ITEM 1.  LEGAL PROCEEDINGS
 
     Unison and certain of its current and former directors and officers are
named as defendants in several purported class action complaints following
Unison's announcement in March 1997 that the Company expected to restate its
financial statements for the nine-month period ended September 30, 1996. To
date, the following actions have been filed in federal district court in
Phoenix, Arizona:
 
     Martin Grossman FBO Martin Grossman Profit Sharing Plan, and Alan S.
     Fellheimer v. Unison HealthCare Corporation, Jerry M. Walker, Craig R.
     Clark and Paul J. Contris, Case No. CIV 97-0583.
 
     Leonard Goldstein and Ronne Goldstein v. Unison HealthCare Corporation,
     Jerry M. Walker, Craig R. Clark and Paul J. Contris, Case No. CIV 97-0584.
 
     Toni Kaasbell v. Unison HealthCare Corporation, Craig R. Clark and Paul J.
     Contras [sic], Case No. CIV 97-0602.
 
     Joseph Grimes v. Unison HealthCare Corporation, Jerry M. Walker, Craig R.
     Clark and Paul J. Contris, Case. No. CIV 97-0603.
 
     Amothy Corp. v. Unison HealthCare Corporation, Bruce H. Whitehead, Phillip
     R. Rollins, Jerry M. Walker, Craig R. Clark and Paul J. Contris, Case No.
     CIV 97-0825.
 
     Karl E. Falkenstein v. Unison HealthCare Corporation, Bruce H. Whitehead,
     Phillip R. Rollins, Jerry M. Walker, Craig R. Clark and Paul J. Contris,
     Case No. CIV 97-1017.
 
     Dr. Stanley Levine as Trustee for Lakeside Urology Limited Employee Profit
     Sharing Trust and Lakeside Urology Limited Employee Pension Plan v. Unison
     HealthCare Corporation, Jerry M. Walker, Craig R. Clark and Paul J.
     Contris, Case. No. CIV 97-1412.
 
     The purported class periods asserted in these actions vary, with the
broadest such period beginning December 18, 1995 (when Unison commenced the
initial public offering of its stock (the "IPO")) and ending March 11, 1997
(when Unison announced the need for a restatement). The complaints in all these
actions allege violations of Sections 10 and 20 of the Exchange Act and Rule
10b-5 thereunder in that the defendants allegedly knew, or were reckless in not
knowing, that Unison's results for the first three quarters of 1996 were
materially overstated or misrepresented the capability of Unison's internal
accounting system to reliably record and reflect its financial condition.

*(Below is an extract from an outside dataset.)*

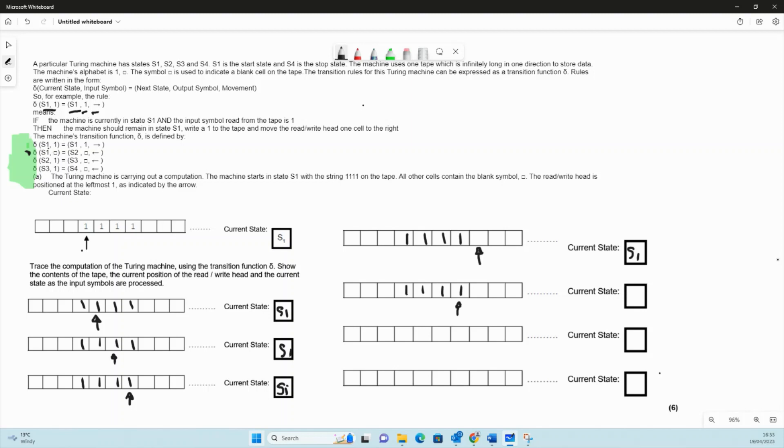Now we're in state s2. In state s2, we read a one. We've read a one there, we write a blank, and we move to the left. So we've moved there to the left, we've written a blank.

Amended complaints in two of these actions (Grossman et al. v. Unison HealthCare
Corporation et al. and Goldstein et al. v. Unison HealthCare Corporation et al.)

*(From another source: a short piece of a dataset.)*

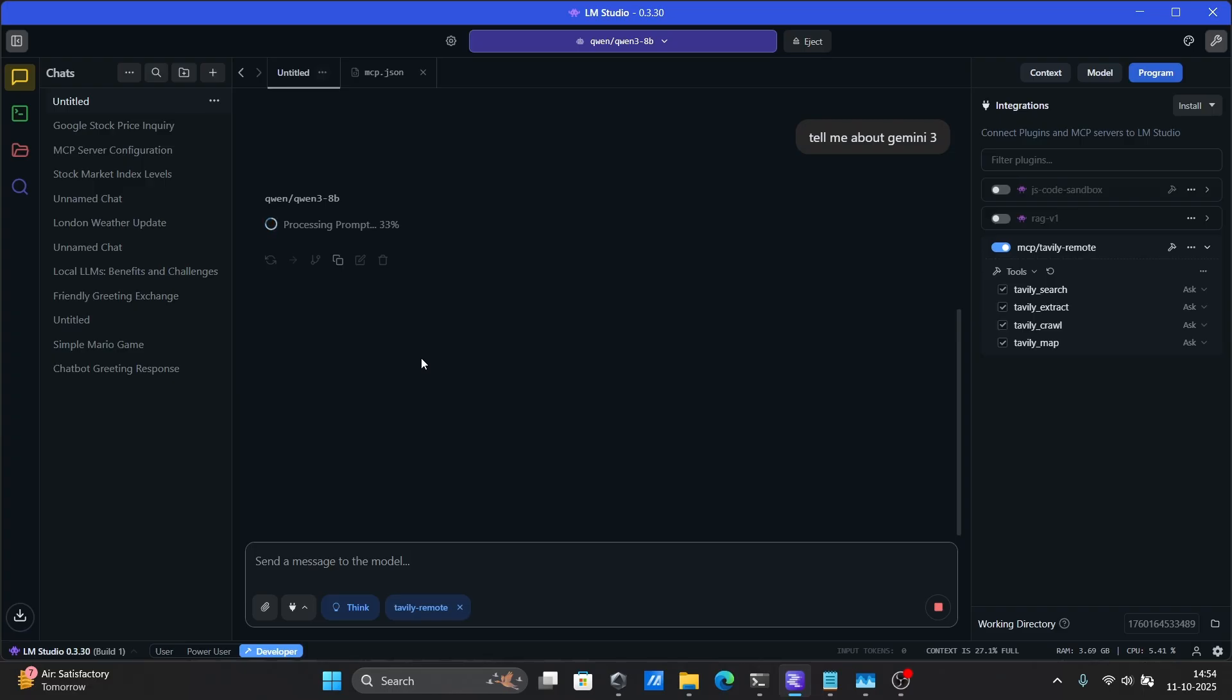There are two web search MCPs that I've found to be the easiest to set up, the Tavali MCP and the BraveSearch MCP. Signing up and setting up Tavali is simpler since it doesn't require payment verification, unlike BraveSearch's free tier. In this video, we'll be using the Tavali web search MCP as our example, but the setup process for BraveSearch is almost identical.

also allege violations of Sections 11 and 15 of the Securities Act in that the
registration statement covering, and the prospectus used in connection with the
stock sold in, the IPO allegedly misleadingly touted Unison's "growth strategy"

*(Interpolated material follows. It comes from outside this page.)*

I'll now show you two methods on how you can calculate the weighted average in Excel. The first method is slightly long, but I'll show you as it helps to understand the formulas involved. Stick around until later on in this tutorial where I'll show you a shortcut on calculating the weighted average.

and ability to control costs while failing to disclose inadequacies in its
accounting system. Two actions (Amothy Corp. v. Unison HealthCare Corporation et
al. and Falkenstein v. Unison HealthCare Corporation et al.) also allege that
the conduct giving rise to the alleged Exchange Act violations also violated the
defendants' state law fiduciary duties as directors and officers. The individual
defendants include Jerry M. Walker, Craig R. Clark and Paul J. Contris, at the
time of their resignations in April 1997, the President and Chief Executive
Officer, Executive Vice President and Chief Financial Officer and Executive Vice
President -- Acquisitions and Development, respectively, of the Company, and
Bruce H. Whitehead and Phillip R. Rollins, currently Chairman of the Board and
Executive Vice President and Chief Operating Officer, respectively, of the
Company. The plaintiffs in these purported class actions seek compensatory
damages in unspecified amounts plus interest, attorneys' fees and costs.
 
     In addition, an action styled Jeffrey D. VanDyke v. Cruttenden Roth, Inc.,
Wheat First Butcher Singer, Bruce H. Whitehead, Unison HealthCare Corp., John T.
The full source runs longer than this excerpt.